I'm glad all you need is shirts, pants, food, and a roof. But if you have a spouse and kids, you'll need a more pairs of shirts and pants, more food to feed those mouths, and a larger roof. In most places you'll also need two cars--even a decent, low-mileage used Honda Accord at five years old is going to set you back $15,000 plus insurance. And speaking of insurance, all those other folks in your household will need health insurance and life insurance for the parents of the kids.
Do you know how much day care costs? My sister just had a baby and it's starting out at $300 a week. For ONE kid. If you need night or weekend babysitters/nannies, add on more to that.
A person earning $40,000 a year generally takes home almost $40,000 a year. that's what my husband earned last year and we paid 3% of our income in federal taxes. A person earning 200,000 is taxed at 33% of their income plus they lose out on deductions such as student loan interest deduction and they are no longer eligible to contribute to the best retirement funds such as Roth IRAs.
You say most people live on $30000-$40000 a year in this country. So what? They don't do so successfully. Most people in this country are reeling in debt and spend more in one year than they earn. (and it's not all because of TiVO).
I don't know where you are in your career and life right now but try actually being married with children, post-medical school actually paying back the debt before criticizing those of us who want to be appropriately compensated for the hard work we do.
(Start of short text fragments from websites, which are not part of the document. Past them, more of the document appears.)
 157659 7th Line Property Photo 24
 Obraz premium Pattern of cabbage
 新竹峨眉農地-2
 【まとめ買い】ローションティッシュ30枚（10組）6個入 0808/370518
Living paycheck to paycheck during resideny when you're already in your late 20s, early 30s with absolutely no money to spare if one of your 100,000+ miles cars decides to croak and no ability to begin even eating into the principal of your student loans is hard enough even knowing you've got a $200,000 paycheck waiting for you at the end. Never mind even saving for retirement at this point. Never mind having children--I couldn't even afford to take the 12 weeks off from residency to stay home with a new baby. Never mind buying a house which is an actual investment as opposed to throwing bye-bye at rent every month.
It's one thing not to save for retirement in your early 20s and live in a cheap, loud apartment and generally live like a pauper. It's entirely different in your early 30s when your educational peers (like your friends from college who now have MBAs, JDs, and CPAs) are zooming ahead of you financially and you have to keep turning down offers to hang out because you just can't afford to go out for one more meal that actually involves waiters and not counter service.